Country music with its soul in tradition, but its head quite firmly in the present.

  • We Say...

    When they started out, Shooglenifty called their music "hypnofolkedelicambienttrance" or "acidcroft." Both remain fair descriptions for their revved-up ceilidh sound, updated country dance music with its soul in tradition, but its head quite firmly in the present. They can play up a storm — not so much for the feet as the head, although they can certainly get toes tapping wildly — as on the title cut, which turns on the afterburners half way through, or the mandolin-powered "Scraping the Barrel." Although much of their inspiration derives from the Scots past, they also look outside their own borders: "The Nordal Rumba," for instance, starts out influenced by Congolese rumba before heading across the Atlantic to a warped Celtic-Latin party, complete with horn punctuations.
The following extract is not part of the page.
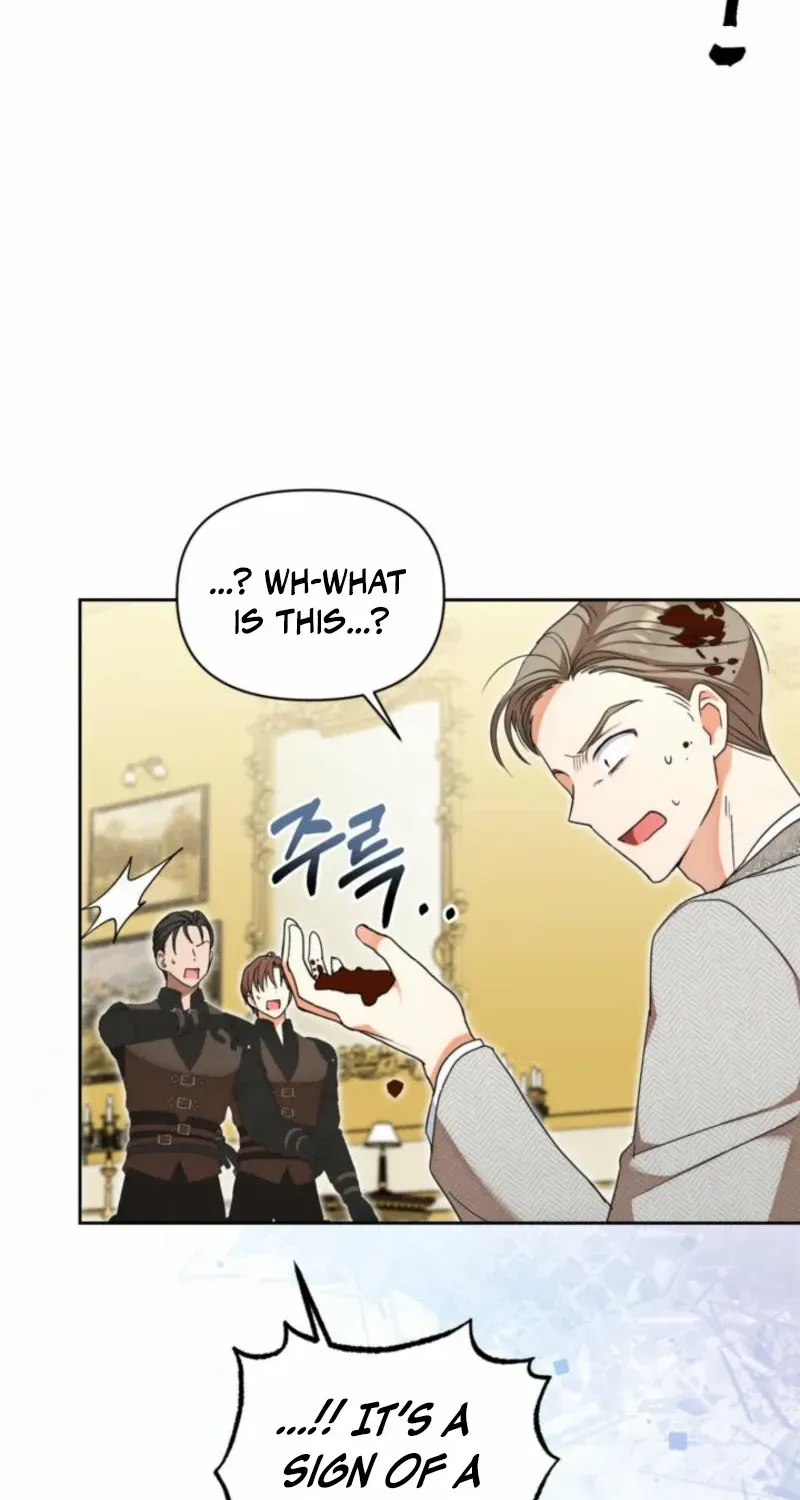 My Once-Enemy Sister Now Cherishes Me Chapter 16 page 33 -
But they can be delicate, too, as "Tune for Bartley" or the neo-cowboy soundtrack "Heading West" show. Sweeping, brilliant and occasionally mad, they make glorious music.

  • They Say...

    Fans of Afro Celt Sound System and Mouth Music will immediately recognize Shooglenifty as something of a kindred spirit to those bands, mixing Celtic roots music with a kaleidoscopic array of rhythmic influences both ancient and modern and from points all across the globe. The Arms Dealer's Daughter basically picks up where Solar Shears left off in 2001, delivering a mixed bag of tunes and rhythms that hits the spot more than it misses. Things get off to a pleasant, but not really compelling, start with four sets of original tunes, mostly written by fiddler Angus R. Grant and mandolin/banjo/bouzouki player Luke Plumb. Of these, the most exciting is the set that includes the title track and the raucously joyful "Aye Right." Then things really pick up and get interesting: the "Nordal Rumba," with its percolating combination of fiddle, Afro-Cuban drumbeats, and rollicking horns, is some of the most fun music recorded in this century; on "Maxine's Polka," the band dips into electronica textures and produces what may be the first junglist polka in the history of recorded Celtic music; "Fistful of Euro" is a dense and trip-hoppy fusion of Celtic and North African elements. "Carboni's Farewell" gets a bit too long-winded for its own good, but the energetic reel set "Scraping the Barrel" puts things back on solid footing again. Anyone with both a love of Celtic music and at least moderately adventurous ears will find much to enjoy on this album.